Segment Start: Records shown
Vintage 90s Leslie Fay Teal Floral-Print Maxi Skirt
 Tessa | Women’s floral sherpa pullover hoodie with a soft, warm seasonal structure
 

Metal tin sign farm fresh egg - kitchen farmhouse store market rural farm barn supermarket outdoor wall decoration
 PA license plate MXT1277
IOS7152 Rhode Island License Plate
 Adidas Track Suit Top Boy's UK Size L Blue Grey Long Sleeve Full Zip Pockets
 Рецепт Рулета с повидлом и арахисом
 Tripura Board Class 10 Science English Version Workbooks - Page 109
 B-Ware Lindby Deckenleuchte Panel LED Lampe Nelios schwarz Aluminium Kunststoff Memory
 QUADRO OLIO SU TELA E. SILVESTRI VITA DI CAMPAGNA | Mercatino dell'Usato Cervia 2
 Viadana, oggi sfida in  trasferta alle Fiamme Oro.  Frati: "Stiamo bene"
Segment End: Records shown
- **What is being asked**
Please write out each line of the listing above exactly.

- **Expected answer**
Vintage 90s Leslie Fay Teal Floral-Print Maxi Skirt
 Tessa | Women’s floral sherpa pullover hoodie with a soft, warm seasonal structure
 

Metal tin sign farm fresh egg - kitchen farmhouse store market rural farm barn supermarket outdoor wall decoration
 PA license plate MXT1277
IOS7152 Rhode Island License Plate
 Adidas Track Suit Top Boy's UK Size L Blue Grey Long Sleeve Full Zip Pockets
 Рецепт Рулета с повидлом и арахисом
 Tripura Board Class 10 Science English Version Workbooks - Page 109
 B-Ware Lindby Deckenleuchte Panel LED Lampe Nelios schwarz Aluminium Kunststoff Memory
 QUADRO OLIO SU TELA E. SILVESTRI VITA DI CAMPAGNA | Mercatino dell'Usato Cervia 2
 Viadana, oggi sfida in  trasferta alle Fiamme Oro.  Frati: "Stiamo bene"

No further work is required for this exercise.